Quando teve de ponderar que solução de formação de governo adotaria, o Presidente Cavaco Silva sabia bem que o seu mandato se aproximava do fim. Poucos dias depois da contagem dos votos para as Legislativas, Marcelo Rebelo de Sousa apresentava a sua candidatura, em 9 de outubro de 2015. Por imposição constitucional, Cavaco Silva não podia ter dissolvido o Parlamento, fosse por se encontrar nos últimos 6 meses do seu mandato, fosse por estar impedido de o fazer durante os primeiros 6 meses que se seguem à eleição das/os deputadas/os (cfr. artigo 172.º, n.º 1, da Constituição).

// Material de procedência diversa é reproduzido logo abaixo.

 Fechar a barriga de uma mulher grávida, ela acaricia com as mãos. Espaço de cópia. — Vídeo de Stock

Para evitar ter de dar posse ao governo do PS, com o apoio das esquerdas, restar-lhe-ia demitir-se do cargo. Suscitando o debate sobre se o Presidente da Assembleia da República, enquanto Presidente interino (cfr. artigo 132.º da Constituição) teria legitimidade política para nomear um novo governo, já que não lhe faltaria qualquer legitimidade jurídica, pois a Constituição confere-lhe poder para nomear a/o primeira/o-ministra/o, desde que ouvido o Conselho de Estado (cfr. artigo 139.º, n.º 2).
Ora, Marcelo Rebelo de Sousa deixou de ser um “fazedor de Reis”.

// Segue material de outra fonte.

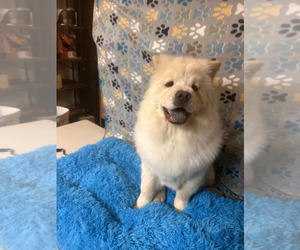 Chow Chow Puppy for sale in VALLEJO, CA, USA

O mandato parlamentar e do Governo termina em outubro de 2026. Já o seu mandato termina logo em 9 de março de 2026. A 1.ª volta das eleições presidenciais ocorrerá em janeiro de 2026 e (caso haja) a 2.ª volta decidir-se-á em fevereiro de 2026. Acresce que 6 meses antes do termo do seu mandato – ou seja, a partir 9 de setembro de 2025, o Presidente da República perde o poder de dissolução (cfr. artigo 172.º, n.º 1, da Constituição). E, conforme tem sido mais do que visível, é expectável que a pré-campanha presidencial se inicie mais cedo do que habitual, logo após as eleições autárquicas, que terão lugar entre 22 de setembro e 14 de outubro de 2025.
Por todas as razões expostas, não é de espantar que o tiro de partida para a corrida presidencial já tenha sido dado. Recordando a velha teoria de Mário Soares, brandida na campanha presidencial de 1986, os partidos dirão que os eleitores não devem colocar todos os ovos no mesmo cesto (sob pena de ficarem sem nenhum, em caso de queda).

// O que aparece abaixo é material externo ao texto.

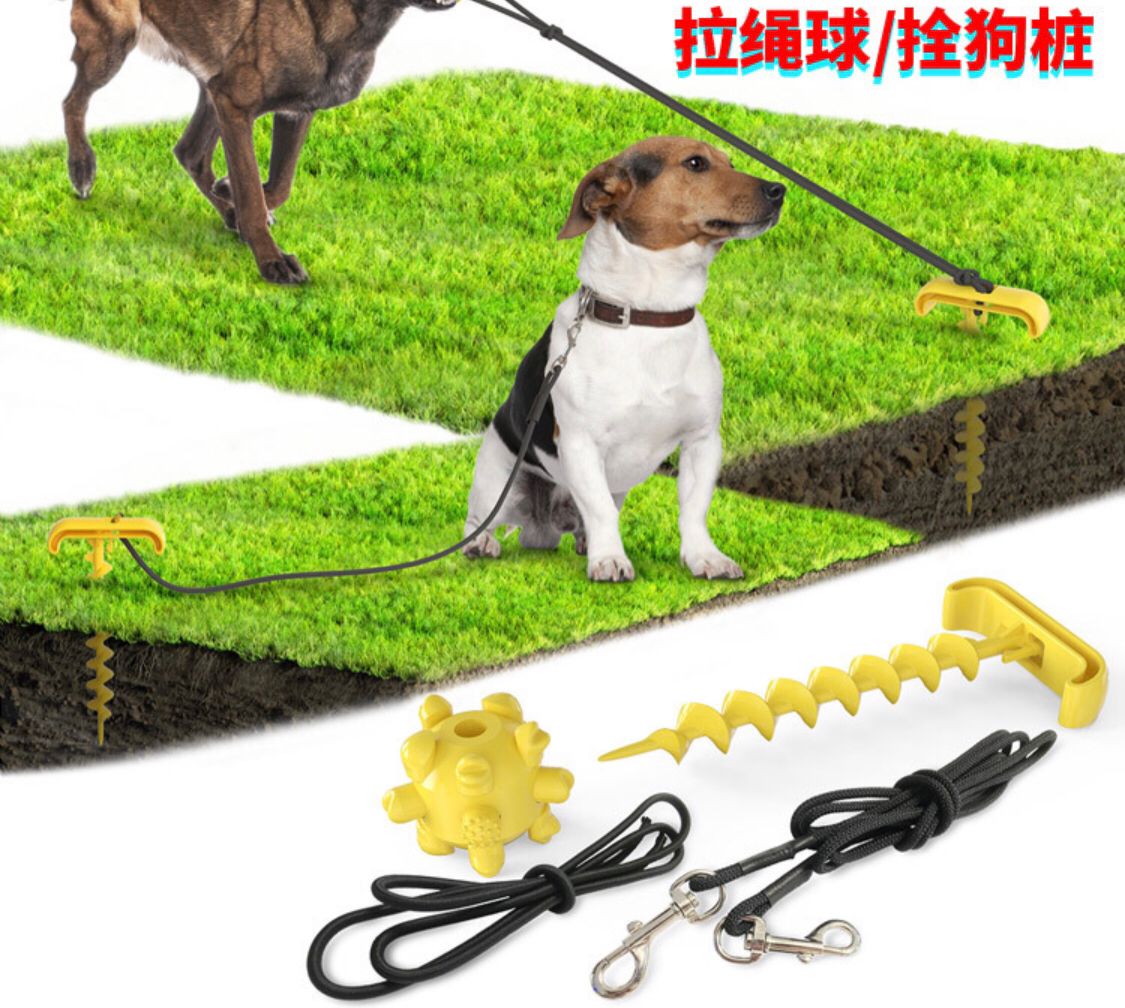 Outdoor dog ground peg dog walking dog tug of War dog toys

À direita, incentivar-se-á os eleitores a não permitir que um/a Presidente da mesma cor política do governo possa vir a exercer a posição de árbitro/a. À esquerda, alertar-se-á para o risco de uma futura aliança entre a direita democrática e partidos extremistas, reforçando-se a importância do papel de um/a Presidente que não contemporize com a formação de um governo dependente desse extremismo.
Porém, mais importante que cenarizar, é garantir que as/os candidatas/os falam claro e dizem ao que vêm. Mais do que discutir os traços de personalidade ou a verve mediática, é fundamental que se apresentem, sem meias palavras, quais são as linhas da futura ação presidencial.
Desta vez, não basta palavras vazias sobre o papel de Portugal no Mundo ou a importância do sistema educativo e do SNS. Para que as/os eleitoras/es saibam o que está em jogo, torna-se crucial que digam como pretendem usar os seus poderes presidenciais. E, caso adotem uma visão maximalista do cargo – com intervenção quotidiana de comentário e interferência na tomada de decisão pelos outros órgãos constitucionais –, então, não lhes pode ser perdoada a ausência de um programa claro sobre cada uma das áreas da governação.
Um/a Presidente não pode querer funcionar como segunda câmara legislativa sem, antes, dispor da legitimidade democrática que lhe advém de ter sujeito o seu programa eleitoral a votos. Se as/os candidatas/os pretenderem romper com a tradição político-constitucional de agirem como mero poder moderador, devem colocar as cartas na mesa, antes do jogo.
Para isso, temos pressa.
Exige-se clareza sobre o futuro comum tão cedo quanto possível.